The material below holds pictures; leave them out and reproduce exactly the lines from the one with "Similac 360 Total" through the one with "Retoo Topfset Kochtopfset", inclusive.

Top of Records shown

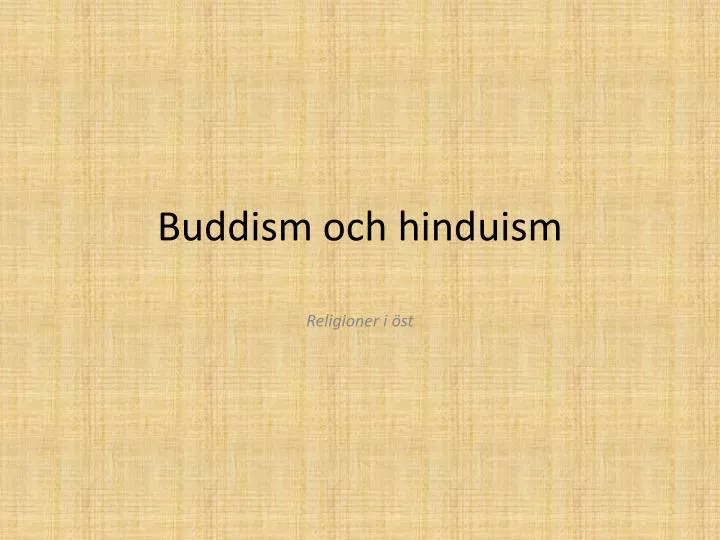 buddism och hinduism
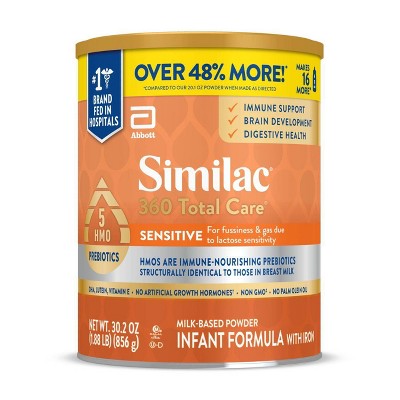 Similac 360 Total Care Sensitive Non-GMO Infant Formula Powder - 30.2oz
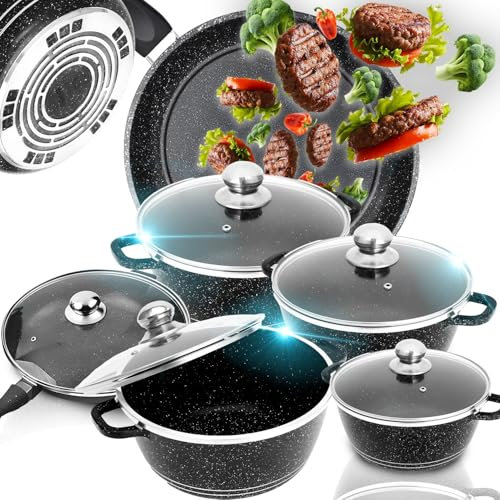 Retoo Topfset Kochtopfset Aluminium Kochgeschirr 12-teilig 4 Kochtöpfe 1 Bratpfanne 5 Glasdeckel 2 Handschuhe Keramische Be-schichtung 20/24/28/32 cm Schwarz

Bottom of Records shown
Top of Records shown

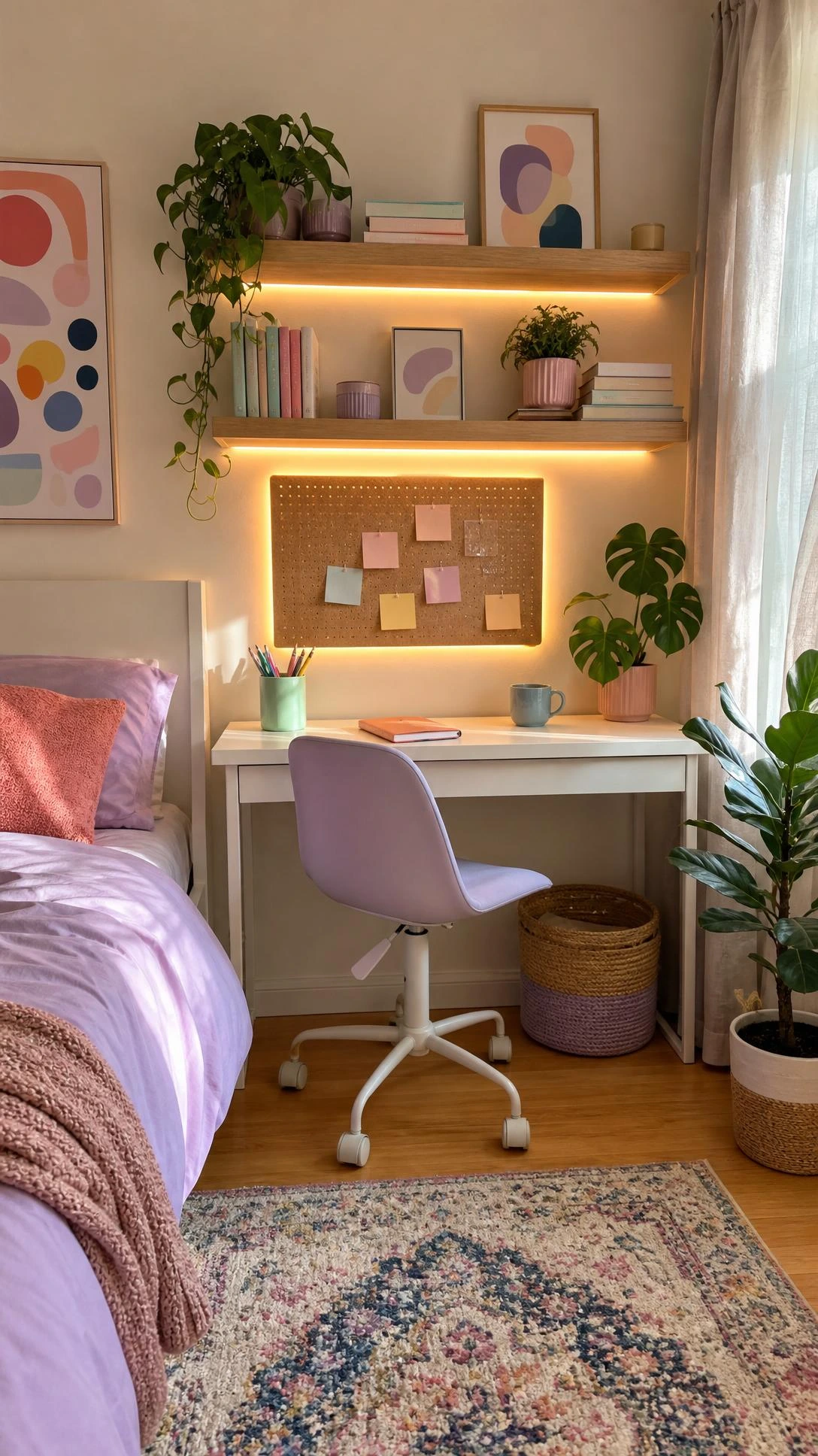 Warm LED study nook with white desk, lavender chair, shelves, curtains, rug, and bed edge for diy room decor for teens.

Bottom of Records shown
Top of Records shown

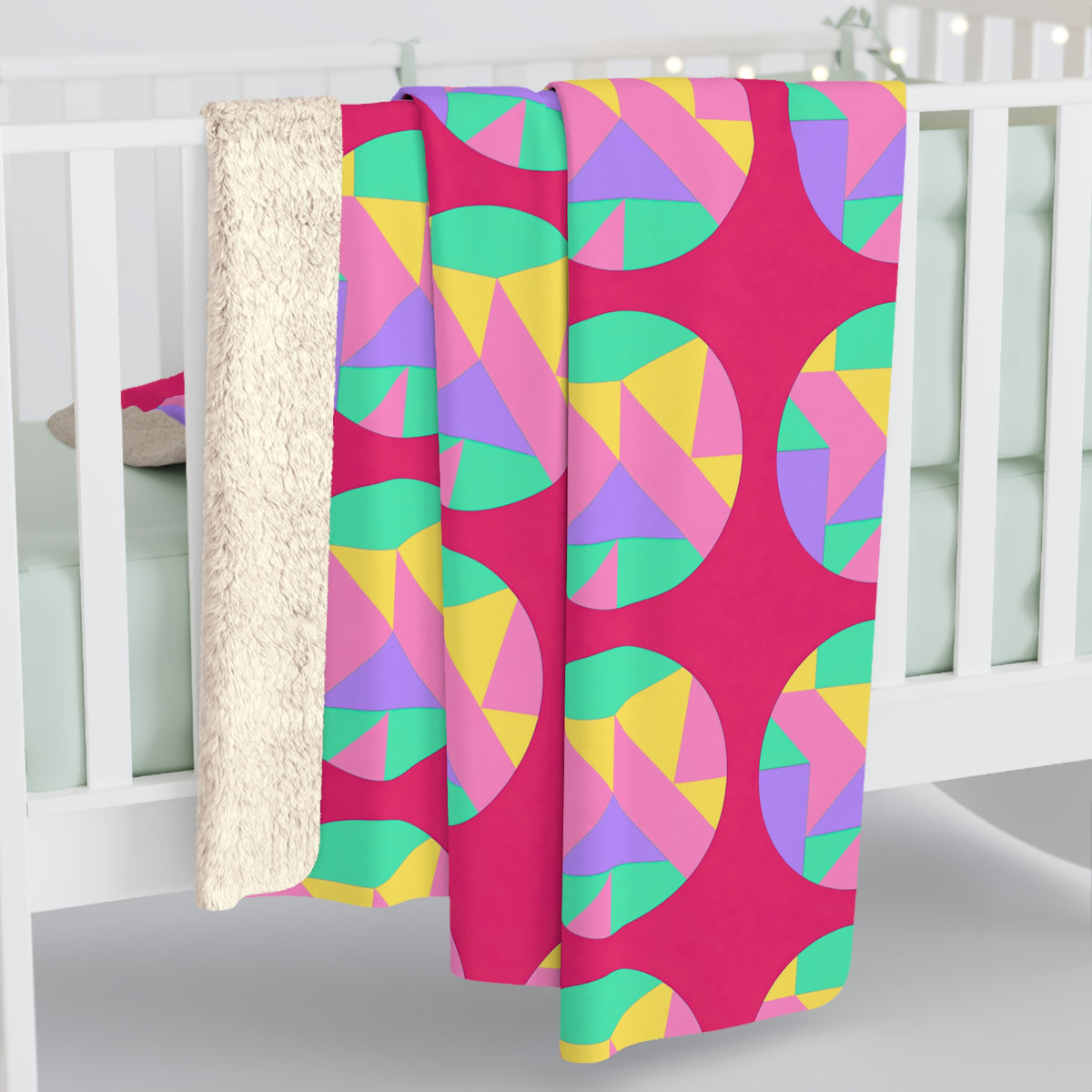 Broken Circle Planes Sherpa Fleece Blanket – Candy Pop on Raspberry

Bottom of Records shown

The completed task:
 Similac 360 Total Care Sensitive Non-GMO Infant Formula Powder - 30.2oz
 Retoo Topfset Kochtopfset Aluminium Kochgeschirr 12-teilig 4 Kochtöpfe 1 Bratpfanne 5 Glasdeckel 2 Handschuhe Keramische Be-schichtung 20/24/28/32 cm Schwarz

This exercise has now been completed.